Ok, now who is excited?  Come on, Connor McDavid gets three games on NBC networks for the 2017-18 regular season.  You know what is better?  Las Vegas getting five games, because it is always much better to see a team who has not played one second of NHL hockey over the second-best player (arguable the best), in the world!

It is here everyone!  NBC has posted its schedule for the upcoming season and yes, they continue to not make sense.  Chicago, whose top players are almost all over 30, leads the way with 17 appearances.  The Blackhawks have talent but are their dominant days over?  Not far behind we have Philadelphia with 16, then Pittsburgh (surprise, surprise) and Detroit with 15.  You have not read incorrectly: Two non-playoff teams have over 5 times the amount of games on national television than McDavid or Austin Matthews (3).
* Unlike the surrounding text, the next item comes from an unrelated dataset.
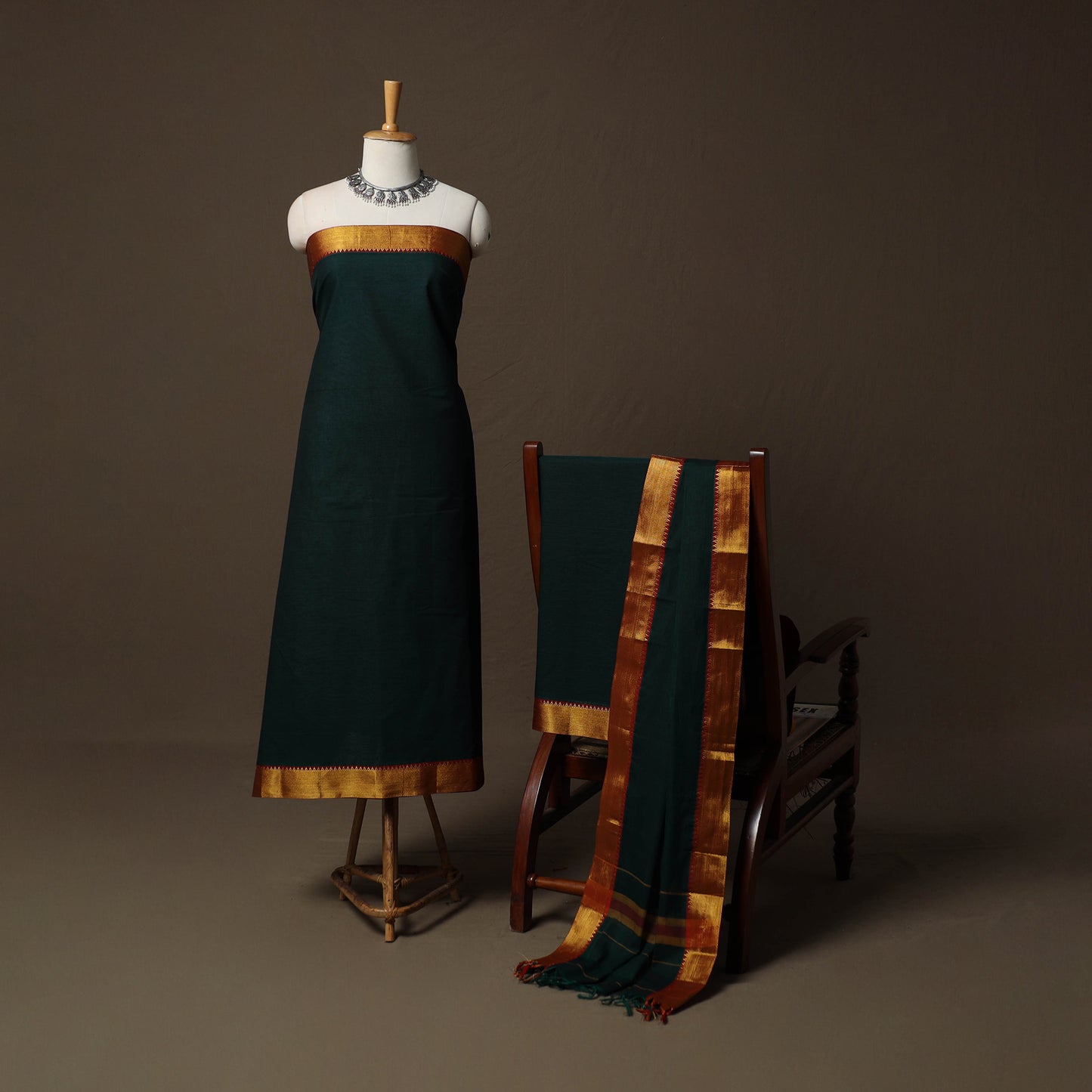Dharwad Cotton 3pc Unstitched Dress Material Suit Set with Woven Border 40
It is no surprise that the All-Star games of almost all other major sports leagues in the United States achieved higher ratings than Game 6 of the Stanley Cup Finals.  The NHL, as well as NBC, fails to use its best young players to market the sport.  Instead of viewing McDavid dangle opponents out of their jocks, spectators have the pleasure of getting a nap in when the Detroit Red Wings are on.  How can the NHL expect to earn fans when its biggest television outlet in the U.S. thinks that Buffalo and Columbus is the right fit for “Rivalry Night?” Or are they waiting for the Sabres to be in the Cup Finals since Buffalo was leading the ratings race for cities without teams competing?  Either way, it is hard to applaud NBC’s effort to create a “diverse schedule” when a brand-new team receives more national games than some of its most exciting young talent.
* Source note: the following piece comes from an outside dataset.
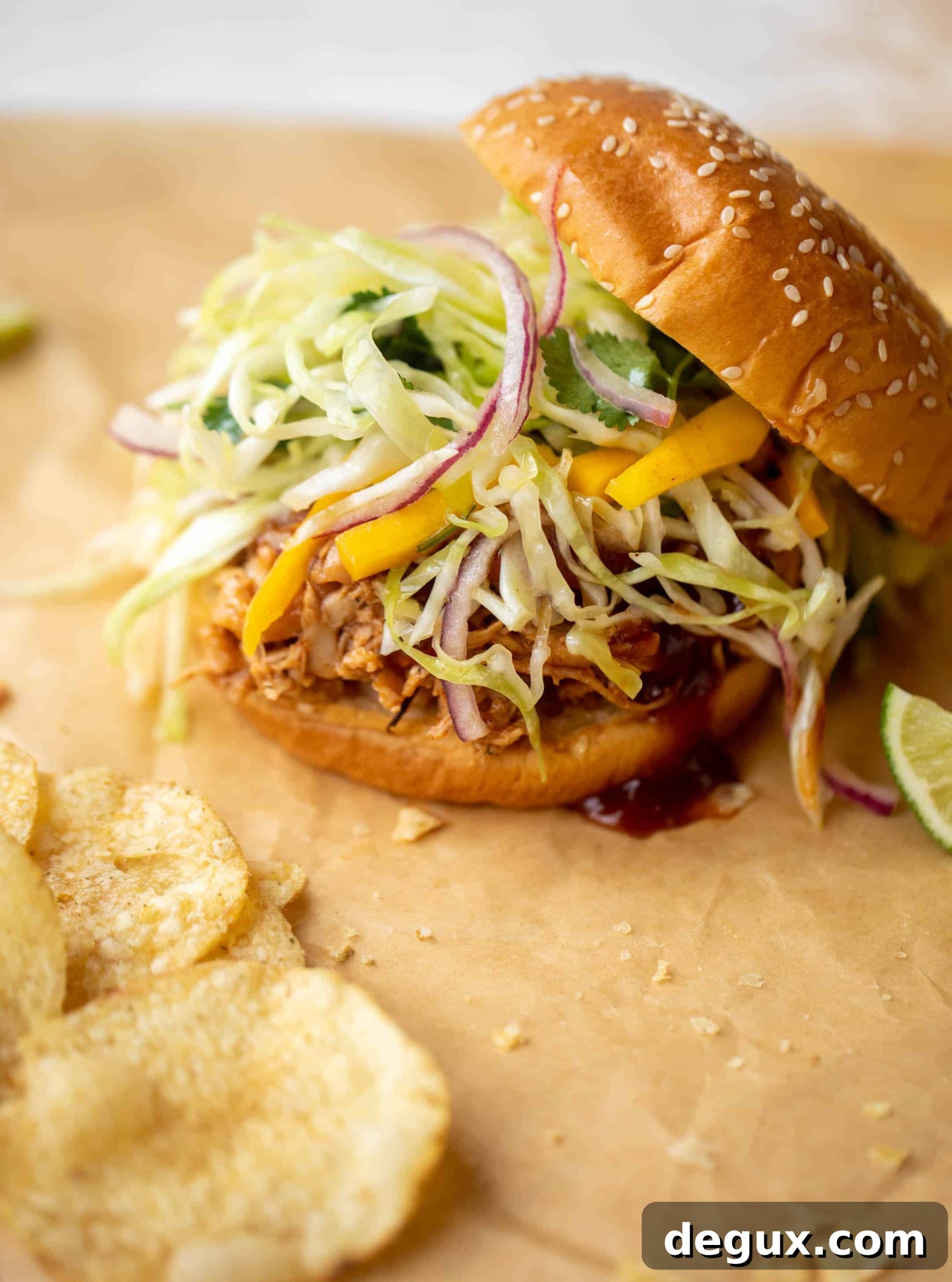 Mango slaw close-up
When I said that the NHL needed to make its game more exciting with more offense on Twitter, I was told that “it was the kind of thing that hockey fans who aren’t really hockey fans say.”  As a fan, I should be able to want more out of a sport I enjoy instead of waiting 10 minutes to review if a skate was a millimeter off the ice.  It is even more alarming when the commissioner of the sport acts like everyone loves the game right now when that is far from the truth.  Based on the decisions for hockey on NBC, the league is still not getting the message despite ratings that show an evident lack of interest in the sport.